Faced with “supposedly overwhelming special effects,” the critic acknowledges his longing for the Godzilla that used to be played by a stuntman in a suit, jumping on models of cities. He also prefers “the charm” of the Japanese King Kong against Japanese Godzilla (1963) compared to the contemporary Godzilla vs. Kong (2021). However, don’t get your hopes up for a retro twist in Toho Studios’ new film: Godzilla Minus One has also been created by digital means.
Since the creature’s first appearance in the 1954 film by Ishirô Honda (the director of eight Godzilla titles and pioneer of kaiju-eiga, the Japanese genre of enormous monster films), Godzilla has appeared a total of 37 times on the big screen. Godzilla is about to reach its 70th anniversary in excellent shape, with a cultural relevance beyond any doubt, productions on two continents, undeniable success at the box office and new interpretations that are contributing to enriching the myth. Far from the times when low-grade sequels were constantly being churned out, Toho’s previous effort — Shin Godzilla (2016) — was already hailed as one of the best films of the year. It generated great interest for the way in which it channelled the horror of the Fukushima nuclear disaster and the 2011 Tōhoku earthquake and tsunami, as the original film dealt with the results of the atomic bombs.
Made by Hideaki Anno — creator of the Neon Genesis Evangelion animated series — Shin Godzilla also functioned as a critique of the management of the recent catastrophes and the ineffectiveness of the Japanese Self-Defense Forces (following its defeat in World War II, Japan’s constitution prohibits it from having armed forces with the potential to wage war), as well as a reminder of the continued validity of the atomic danger.

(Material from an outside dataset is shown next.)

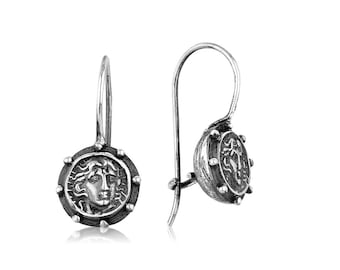 Silver Handmade Ancient Coin Earrings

It also salvaged the monster’s terrifying aura.
Godzilla Minus One isn’t linked to said installment or any other, as it’s more of an origin story. Continuity — it must be said — has never been a great concern for the creators of the saga. Even when Godzilla dies, Toho Studios has never hesitated to bring him back.
The creature has been a hero or a threat, depending on which movie you watch. Becoming a Japanese icon almost immediately after its 1954 debut, the public’s love for the character led Toho Studios to turn it into the country’s kind defender for several films. Godzilla has been a protector against other adversaries, such as the three-headed dragon Ghidorah, the great lobster Ebirah, or the robot Mechagodzilla. From the suspense and anguish of the first installment, Godzilla jumped to the children’s genre, in films such as Son of Godzilla (1967), in which the super lizard teaches its offspring to shoot lightning from his mouth and defend himself against family-sized insects. And, a couple of years before that, in Invasion of Astro-Monster (1965), aliens ask humans to give them Godzilla in exchange for a cure for cancer… in what actually turns out to be an evil plan to control the creature’s mind and conquer the planet.
Godzilla’s potential as a symbol upon which to project ideals or political manifestations was not ignored even by Kim Jong-il — the late supreme leader of North Korea — who had his own monster counterpart produced. This glorious and metallic hero of the proletariat appeared in Pulgasari (1985), a cult title in film circles. Even fan-made montages — such as the stop-motion short film Coming Out (2020), where Godzilla recognizes the identity of his transgender daughter — demonstrate that the radioactive animal can even join the LGBTQ cause. True to his nature, Godzilla never stops transforming.